Housing inventory levels have been shrinking across the U.S., leading to bidding wars and modest upward pressure on prices in some areas. At the end of the first quarter, 2.4 million existing homes were up for grabs, nearly 22% less than last year. Completed home sales jumped 4.7% in the first quarter of 2012 and pending homes sales are currently up 12.8% since March 2011. As inventory levels continue to tighten, a recovery, however nascent, can begin to materialize, especially if lenders can offload distressed properties to investors.
The latest Fiserv Case-Shiller Indexes also report signs of price stabilization. David Stiff, chief economist at Fiserv, notes that non-price metrics like home sales volume, increased spending on home improvement and more multi-family construction indicate that the housing sector has bottomed. “We expect that home prices, which generally lag changes in sales activity by nine to12 months, will stabilize by the end of this summer and then rise at an annualized rate of 3.9 % over the next five years,” asserts Stiff in a statement.
Fiserv says the spring and summer selling season will be fueled predominantly by investors this year. NAR estimates that roughly one-third of all purchases are already investor-related. As rents continue to rise, first-time buyers and trade-up buyers will eventually follow, lured by the record affordability levels of home ownership, Fiserv predicts.
A third real estate research firm, CoreLogic, released its own data this week. Including distressed sales, U.S. home prices ticked down 0.6% from March 20122 to March 2012. However, from February to March they rose 0.6% in the first month-over-month increase since July.

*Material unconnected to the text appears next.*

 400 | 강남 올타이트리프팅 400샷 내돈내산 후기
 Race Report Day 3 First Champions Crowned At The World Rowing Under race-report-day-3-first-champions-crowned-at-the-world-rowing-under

“This spring the housing market is responding to an improving balance between real estate supply and demand which is causing stabilization in house prices,” notes Mark Fleming, chief economist for CoreLogic, in the report. “Although this has been the case in each of the last two years, the difference this year is that stabilization is occurring without the support of tax credits and in spite of a declining share of REO sales.”
Fleming points to Washington, D.C., New York City and Phoenix, Ariz. as examples of markets where recovery is already taking hold.

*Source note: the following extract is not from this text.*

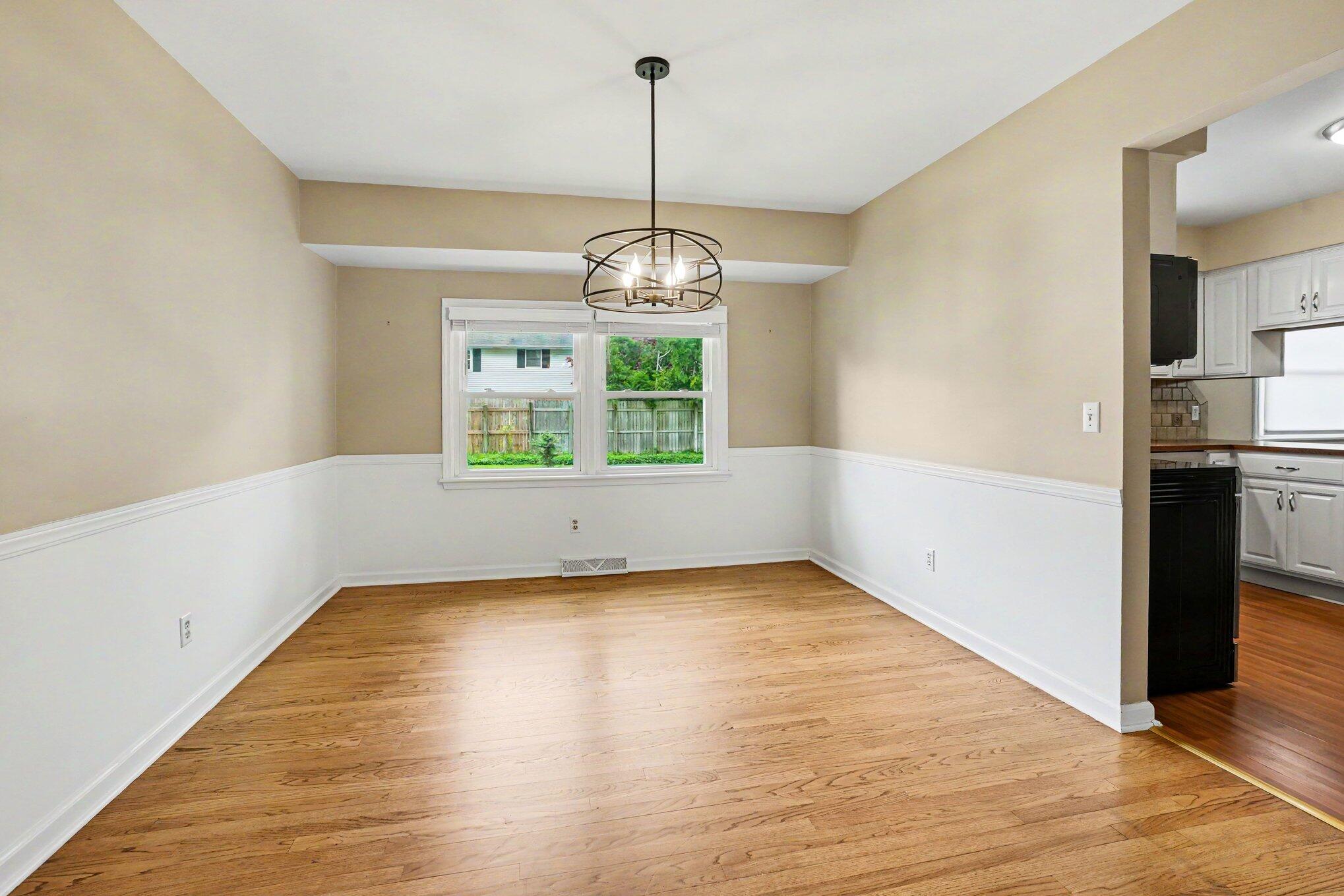 5132 Mapleridge Drive Portage MI 49024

Despite the hopeful prognoses from these reports, it’s also crucial to note that housing is and should be viewed on a local level rather than nationally. As I have noted before, different markets will bottom and recover at different paces depending on a variety of factors this year, including the availability of local jobs and how fast foreclosures can be processed and reabsorbed into local markets.